What happened to Ravi?

Miller & Martin, the Atlanta-based law firm hired by Ravi Zacharias International Ministries (RZIM) to investigate allegations of sexual impropriety against their founder, released its report on Thursday.

It is devastating, to say the least.

Zacharias died in May 2020 from sarcoma. At his funeral, Mike Pence referred to him as “the C.S. Lewis of our day” and “the greatest Christian apologist of this century”, echoing a sentiment shared by millions of evangelicals worldwide.

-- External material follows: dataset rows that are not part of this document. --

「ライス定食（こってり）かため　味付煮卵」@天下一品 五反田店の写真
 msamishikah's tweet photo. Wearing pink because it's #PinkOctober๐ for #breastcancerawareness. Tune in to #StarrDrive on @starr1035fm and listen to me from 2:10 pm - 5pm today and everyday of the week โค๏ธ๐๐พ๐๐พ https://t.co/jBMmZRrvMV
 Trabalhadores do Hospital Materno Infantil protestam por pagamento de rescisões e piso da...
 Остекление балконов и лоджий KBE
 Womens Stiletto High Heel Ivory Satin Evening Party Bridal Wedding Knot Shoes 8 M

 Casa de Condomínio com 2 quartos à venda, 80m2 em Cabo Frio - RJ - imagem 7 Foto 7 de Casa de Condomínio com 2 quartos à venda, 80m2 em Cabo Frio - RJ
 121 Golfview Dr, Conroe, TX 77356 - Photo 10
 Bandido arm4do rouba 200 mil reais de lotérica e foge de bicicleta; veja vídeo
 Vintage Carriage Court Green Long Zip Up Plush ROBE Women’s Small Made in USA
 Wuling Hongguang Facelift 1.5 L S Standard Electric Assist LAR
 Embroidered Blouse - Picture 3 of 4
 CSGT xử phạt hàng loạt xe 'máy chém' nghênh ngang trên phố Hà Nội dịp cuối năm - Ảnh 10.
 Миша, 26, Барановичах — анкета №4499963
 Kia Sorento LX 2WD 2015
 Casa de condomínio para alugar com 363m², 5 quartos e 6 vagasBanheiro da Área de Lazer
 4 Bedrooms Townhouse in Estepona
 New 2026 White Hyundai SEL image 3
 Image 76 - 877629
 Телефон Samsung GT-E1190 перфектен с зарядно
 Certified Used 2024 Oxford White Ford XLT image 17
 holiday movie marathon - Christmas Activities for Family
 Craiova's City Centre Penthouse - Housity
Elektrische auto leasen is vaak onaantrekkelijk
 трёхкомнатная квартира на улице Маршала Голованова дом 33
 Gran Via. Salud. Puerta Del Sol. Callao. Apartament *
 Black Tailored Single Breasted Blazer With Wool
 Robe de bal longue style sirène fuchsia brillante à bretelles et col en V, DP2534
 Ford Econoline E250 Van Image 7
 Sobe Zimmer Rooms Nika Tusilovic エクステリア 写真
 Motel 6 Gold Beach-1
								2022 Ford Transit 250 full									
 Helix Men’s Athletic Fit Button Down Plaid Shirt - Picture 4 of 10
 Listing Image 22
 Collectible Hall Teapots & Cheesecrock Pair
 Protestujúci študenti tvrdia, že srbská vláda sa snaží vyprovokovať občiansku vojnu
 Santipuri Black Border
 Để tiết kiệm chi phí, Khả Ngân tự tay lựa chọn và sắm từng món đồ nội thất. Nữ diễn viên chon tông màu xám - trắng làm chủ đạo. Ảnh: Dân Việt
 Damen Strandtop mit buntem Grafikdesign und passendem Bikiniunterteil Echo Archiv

As the RZIM website puts it, “For over 30 years and across 43 countries, RZIM has met millions of questioners with thoughtful answers concerning faith and God.” At the helm of this influential organization was the phenomenon of Ravi Zacharias – the Indian-born Canadian-American with the gentle spirit and razor-sharp intellect.

For years, the quickest draw in a duel with an atheist has been to grab your phone and swiftly swipe to a YouTube snippet of one of Ravi’s talks or viral answers to a doubting student during a Q&A in a packed auditorium at some or other famous university.

Now, we are all forced to deal with sentences such as “Tragically, witnesses described encounters including sexting, unwanted touching, spiritual abuse, and rape.” This particular statement comes from RZIM’s “Open Letter” that accompanied the release of Miller & Martin’s report, so no rumours or conjecture here.

I cannot help but wonder what the student in that video is thinking.

So what happened? Why? What are we to make of it? How should we respond?

I think the most important thing we should do is not look for new answers, because there aren’t any. Humanity is still the beast it has always been, an issue that has been dealt with in depth in the pages of Scripture. The clearest presentation of the dilemma of being human is found in Paul’s letter to the Romans, and we are all under discussion there. Ravi, you, me; all of us.

Our lives are a composite of two worlds, we read in Romans: The world of the flesh and the world of the Spirit. If we are dead in our sins – unregenerate, as we say – the world of the Spirit is reduced to the voice of the conscience; a law in our hearts that manifests as thoughts accusing or excusing us. Because of the power of conscience, Paul tells us, gentiles are just as accountable as the Jews who have a written law to guide them in matters of wrong and right.

However, neither the voice of conscience nor the Torah can provide the life-energy that is required to live up to their prohibitions and commands. For this to happen, one needs to enter the world of the Spirit and become a citizen there. This can only happen through a very real crucifixion and death to the world of the flesh and a subsequent resurrection in the world of the Spirit.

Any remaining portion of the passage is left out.